System repositories are not optional runtime modules. They provide platform execution, orchestration, development entry points, installer tooling, or core runtime contracts.

Current system repositories:

  • govoplan: meta repository for whole-product orchestration.
  • govoplan-core: runtime kernel/server runner, module registry, shared UI shell, installer, migration orchestration, and core contracts.

module

Runtime modules provide user-visible product behavior. They can include backend routes, database migrations, frontend contributions, permissions, docs, workers, and lifecycle hooks.

Modules must communicate through core contracts, capabilities, providers, and routes. They must not import another module's internal implementation directly.

connector

Connector repositories adapt GovOPlaN capabilities to external protocols, platforms, and integration formats. A connector may be a runtime module, but its business responsibility is transport/integration, not product semantics.

Examples:

  • govoplan-rest
  • govoplan-soap
  • govoplan-fit-connect
  • govoplan-xoev
  • govoplan-xrechnung
  • govoplan-xta-osci
  • govoplan-connectors

website

Website repositories are public content or publication targets. They are not installed into a GovOPlaN runtime.

Current website repository:

  • addideas-govoplan-website: public website and release catalog publication target.

Meta Repository Role

govoplan is the canonical operator entry point. Whole-product commands should be available here first:

  • development launch
  • repository bootstrap/status
  • whole-product Docker composition
  • release tagging
  • catalog publication
  • installer/daemon orchestration
  • cross-repository Gitea issue/wiki/label helpers
  • security and dependency audit tooling

Whole-product command implementations live under govoplan/tools.

Core keeps runtime-specific commands only.

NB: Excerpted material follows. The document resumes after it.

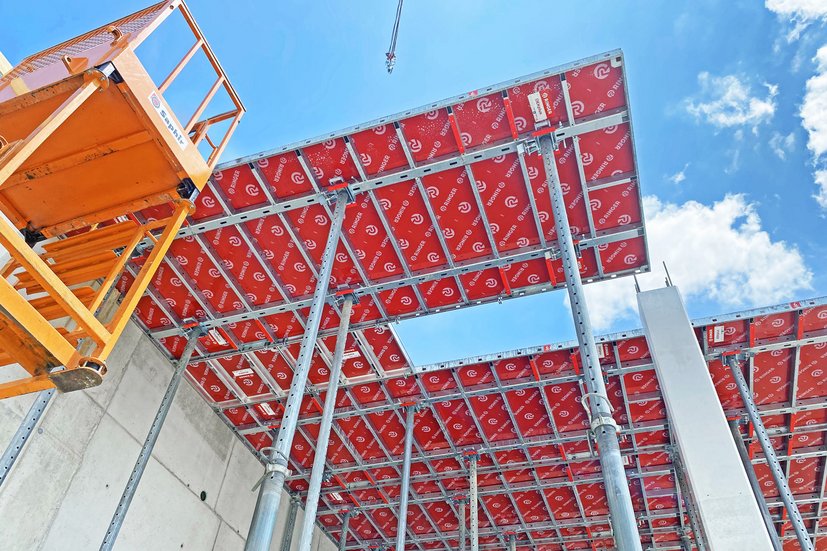 Recess in the ceiling formwork around the column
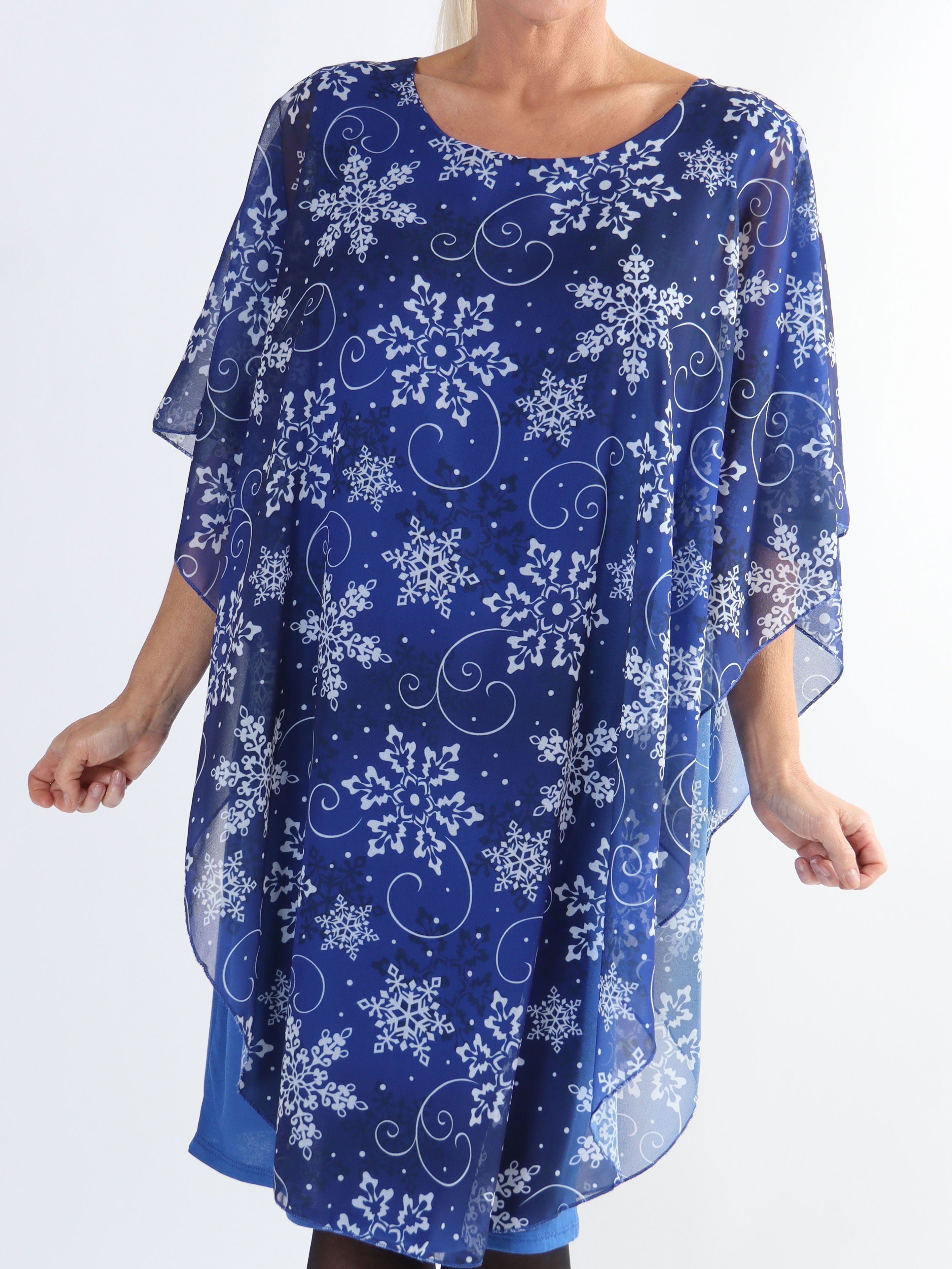 Kenya Snow - Tunikaklänning i plus size med chiffonglager med snöflingor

Repositories are linked through repositories.json and scripts rather than git submodules. Development checkouts can keep their own branches and dirty state, while release/catalog tooling can still resolve the exact repository list from one place. If a deployment profile later needs pinned SHAs for every repository, generate that lock as a release artifact instead of making day-to-day development depend on submodule updates.

Docker Placement

Whole-product Docker and production-like deployment composition belongs in govoplan.

Current shared profiles:

  • dev/postgres
  • dev/production-like

Website-specific serving profiles stay with addideas-govoplan-website.

Module-specific test beds stay in the owning module repository. Examples:

  • govoplan-files/dev/connectors
  • govoplan-campaign/dev/mail-testbed
  • connector protocol test beds in their connector repositories

This keeps local module tests close to the code while giving operators one repository for product deployment.

addideas-govoplan-website and Release Logic

addideas-govoplan-website should be treated as the public website and catalog publication target, not as the release orchestrator.

The release workflow should be invoked from govoplan. It may write signed catalog artifacts into addideas-govoplan-website/public/catalogs/... and then build or deploy the website.

A separate govoplan-release repository should only be introduced if release logic becomes an independently versioned service or toolchain. For now, a separate repository would add coordination overhead without a clear boundary.

If embeddable public widgets become a runtime capability later, create a separate installable module for that. The public website repository should stay website/publication content only.

Config Import/Export

Configuration import/export is runtime administration behavior. It should stay with core/admin until it grows into a separately installable product capability.

Create a govoplan-config module only if configuration packages need their own module lifecycle, permissions, migrations, background jobs, or public API.

No govoplan-meta Runtime Module

Do not add a govoplan-meta runtime module for repository metadata. Repository metadata belongs in this meta repository. Installed runtime metadata belongs in the core module registry and module manifests.

If a runtime "system" surface is needed, it should be a core/admin/ops feature backed by explicit capabilities, not a pseudo-module that mirrors repository state.